In the entries below, filter for the word "Pattern" and copy every matching line.

================================

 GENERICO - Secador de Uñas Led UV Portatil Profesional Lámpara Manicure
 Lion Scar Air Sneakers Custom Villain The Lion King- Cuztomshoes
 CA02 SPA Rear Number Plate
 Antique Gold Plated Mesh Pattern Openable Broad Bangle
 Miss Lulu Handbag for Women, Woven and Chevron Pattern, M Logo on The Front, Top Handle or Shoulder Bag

================================

(RESPONSE BOX)
 Antique Gold Plated Mesh Pattern Openable Broad Bangle
 Miss Lulu Handbag for Women, Woven and Chevron Pattern, M Logo on The Front, Top Handle or Shoulder Bag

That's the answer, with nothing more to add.